Szedłem tak sobie rozglądając się po ludziach, ale nie znalazłem nikogo interesującego, albo kogoś, kto by się przynajmniej wyglądem wyróżniał. Like Me.
- Bane! - jakiś nieznany mi głos krzyknął moje nazwisko. Odwróciłem się więc, widząc, jak w moją stronę idzie mała grupka szkolnej elity, o której mówił mi Alexander.
Jason - wysoki, ciemny blondyn, kapitan drużyny koszykarskiej.
Mihno - skośnooki szatyn, również z drużyny.
Keyl - nieco przypakowany blondyn.
Byli przystojni, ale nie powiedział bym tego o Keylu.

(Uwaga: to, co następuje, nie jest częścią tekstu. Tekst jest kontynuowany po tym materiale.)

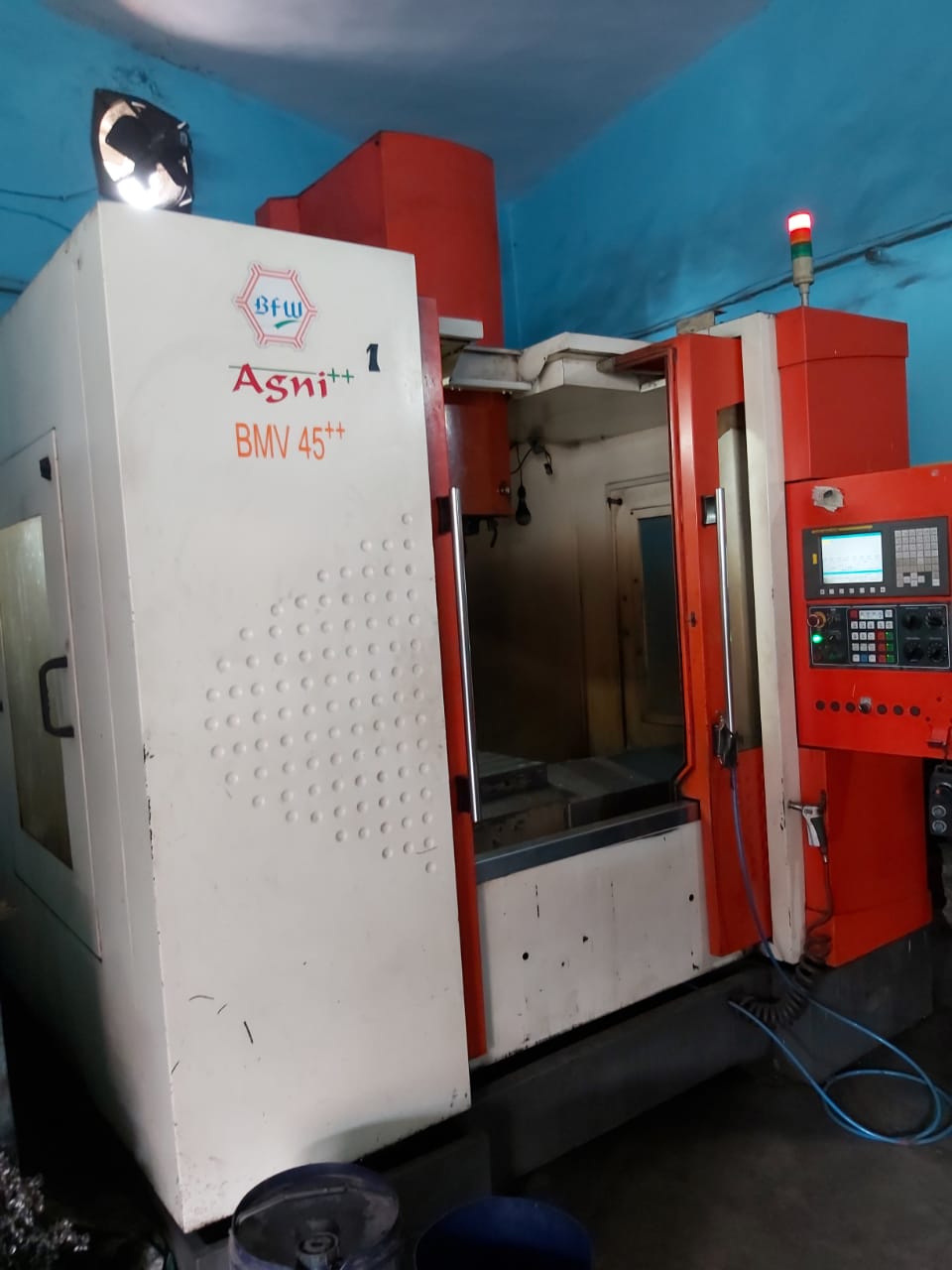 510x510x800  3 Axis VMC Machines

- Słucham? - spytałem, kiedy znaleźli już się przede mną.
- To twój wóz przed budą stoi? - zagadnął Jason.
- Te Porshe - dodał Mihno.
- Tia - przytaknąłem, uśmiechając się. - Wiem, że cudo. A co?
- Może dosiądziesz się do nas na stołówce? Sama elita, oczywiście - Jason uśmiechnął się, a ja aż słyszałem podniecone wzdychanie dziewczyn wokół.

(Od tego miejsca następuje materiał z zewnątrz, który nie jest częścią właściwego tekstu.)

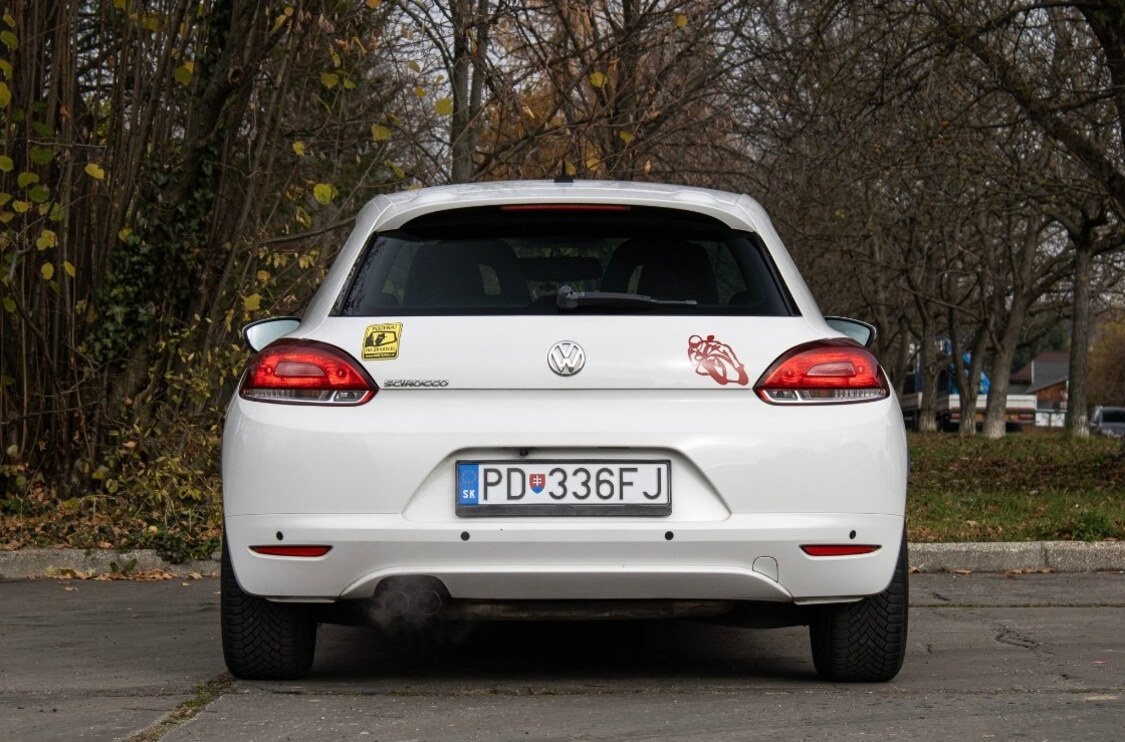 Volkswagen Scirocco 1.4 TSI 118 kW VW - 6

Żeby one zobaczyły uśmiech Alexandra! Tam jest do czego wzdychać, moje drogie! A uśmiech blondyna był fałszywy. Nawet głupiec by to rozpoznał. Na serio Alexander miał rację, że w tej głupiej budzie chodzi tylko o popularność i stan portfela.
- Podziękuję - przybrałem grzecznościowy uśmiech. - Mam z kim siedzieć.
- Z tym twoim podobno chłopakiem? - spytał Jason. - Czyli te plotki to prawda?
- Plotki... - zaśmiałem się. - Prawda. Więc wybaczcie, ale odmówię grzecznie i rozstaniemy się w pokoju, co wy na to?
Trójka chłopaków wymieniła się spojrzeniami, a ja zmrużyłem oczy. Już ich nie trawię.
****
~Alec~
- Jace, posłuchaj mnie - szeptałem już coraz bardziej zirytowany.
Z tego powodu, że Jace mnie ignorował i dlatego, że byliśmy w pieprzonej bibliotece, gdzie nie mogłem się na niego wydrzeć!